Housing Bubble Bursting for Alt-A’s?
Fester warns that, just when you thought that the bursting of the housing bubble was confined to those who took on risky “sub-prime” loans, news comes out that there may be a problem with with the “Alternative A” or “Alt-A” loans, which “account for about 21 percent of loans outstanding and 39 percent of mortgages made in 2006.”

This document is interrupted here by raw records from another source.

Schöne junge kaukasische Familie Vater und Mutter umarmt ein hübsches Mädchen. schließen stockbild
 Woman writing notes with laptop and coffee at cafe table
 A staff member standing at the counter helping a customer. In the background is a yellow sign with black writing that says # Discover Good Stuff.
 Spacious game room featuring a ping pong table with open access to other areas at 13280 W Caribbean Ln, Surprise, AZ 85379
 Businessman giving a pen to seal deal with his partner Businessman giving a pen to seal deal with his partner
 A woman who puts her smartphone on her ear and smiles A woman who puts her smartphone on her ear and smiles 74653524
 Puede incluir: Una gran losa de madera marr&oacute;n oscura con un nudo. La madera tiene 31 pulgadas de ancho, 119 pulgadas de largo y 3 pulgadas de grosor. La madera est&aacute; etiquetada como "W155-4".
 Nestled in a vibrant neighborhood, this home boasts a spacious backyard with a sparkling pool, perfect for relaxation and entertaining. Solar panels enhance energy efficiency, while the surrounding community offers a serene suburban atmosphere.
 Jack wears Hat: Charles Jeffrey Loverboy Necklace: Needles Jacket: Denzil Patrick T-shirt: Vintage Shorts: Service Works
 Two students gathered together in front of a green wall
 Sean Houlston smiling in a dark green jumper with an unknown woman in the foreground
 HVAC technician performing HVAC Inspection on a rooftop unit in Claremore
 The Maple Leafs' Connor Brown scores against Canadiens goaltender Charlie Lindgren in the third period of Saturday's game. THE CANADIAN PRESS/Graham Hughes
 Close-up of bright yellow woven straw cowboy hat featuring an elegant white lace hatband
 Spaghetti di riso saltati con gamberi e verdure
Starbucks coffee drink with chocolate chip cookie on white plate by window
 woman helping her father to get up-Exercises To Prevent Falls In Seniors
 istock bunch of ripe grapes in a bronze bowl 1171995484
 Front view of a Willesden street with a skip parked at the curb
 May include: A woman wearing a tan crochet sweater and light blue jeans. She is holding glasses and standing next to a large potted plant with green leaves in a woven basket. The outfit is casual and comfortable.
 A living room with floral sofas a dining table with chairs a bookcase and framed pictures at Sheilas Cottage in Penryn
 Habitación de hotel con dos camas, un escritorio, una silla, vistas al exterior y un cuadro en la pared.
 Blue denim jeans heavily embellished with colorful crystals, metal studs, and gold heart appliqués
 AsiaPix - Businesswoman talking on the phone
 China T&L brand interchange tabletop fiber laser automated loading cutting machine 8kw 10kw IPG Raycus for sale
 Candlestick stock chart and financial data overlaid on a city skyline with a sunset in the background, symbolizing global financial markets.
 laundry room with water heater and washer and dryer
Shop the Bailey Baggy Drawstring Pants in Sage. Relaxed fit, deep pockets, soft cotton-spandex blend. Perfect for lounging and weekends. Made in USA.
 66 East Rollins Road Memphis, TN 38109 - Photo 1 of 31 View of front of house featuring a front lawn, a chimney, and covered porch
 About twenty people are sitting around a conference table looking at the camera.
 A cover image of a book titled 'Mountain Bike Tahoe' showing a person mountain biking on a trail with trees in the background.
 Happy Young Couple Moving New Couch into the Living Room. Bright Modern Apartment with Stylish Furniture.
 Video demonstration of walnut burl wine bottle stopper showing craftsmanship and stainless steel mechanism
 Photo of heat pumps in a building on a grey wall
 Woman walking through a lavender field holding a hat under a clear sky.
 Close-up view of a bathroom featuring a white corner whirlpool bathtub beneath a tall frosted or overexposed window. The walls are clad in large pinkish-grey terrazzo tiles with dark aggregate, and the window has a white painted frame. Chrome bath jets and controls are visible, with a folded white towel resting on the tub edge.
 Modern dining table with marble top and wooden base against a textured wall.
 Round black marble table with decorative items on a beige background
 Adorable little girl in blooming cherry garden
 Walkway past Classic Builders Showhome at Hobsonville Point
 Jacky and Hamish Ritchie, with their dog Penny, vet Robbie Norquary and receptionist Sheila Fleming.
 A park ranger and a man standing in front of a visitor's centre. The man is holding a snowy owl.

He believes this may have serious consequences:
As credit standards continue to tighten from absurdly loose to only loose, rolling over bad decisions and loans will not be viable in the future. There are three remaining options. The first and most preferable is for a crunched borrower to find someone to sell their property at a high enough value to get them out of their obligations with minimal damage. The problem here is that housing inventory is still expanding and plenty of people are just as or more desperate to unload their houses as any individual seller. So getting a price that is sufficient, after transaction costs, to pay off a bubble mortgage will be tough. The next preferable solution, and most likely the most common solution, will be for crunched borrowers to suck it up, and try to outlast any housing price downturn while still paying their mortgage and carrying costs. The final solution is for an increase in foreclosures to increase as people walk away from disasters.
Indeed, if you’re in a house you paid a million dollars for two years ago and it’s now worth $800,000, that last option may be all that’s left to you. If you got in without much of a down payment–which presumably most Alt-A borrowers did–it likely won’t be that ruinous.
Of course, if it’s a second or third home that you bought in hopes of flipping in a few months at a profit–which is apparently the case with a substantial chunk of this class of borrowers–it’s a crushing blow. But then that’s the nature of high risk, high reward ventures.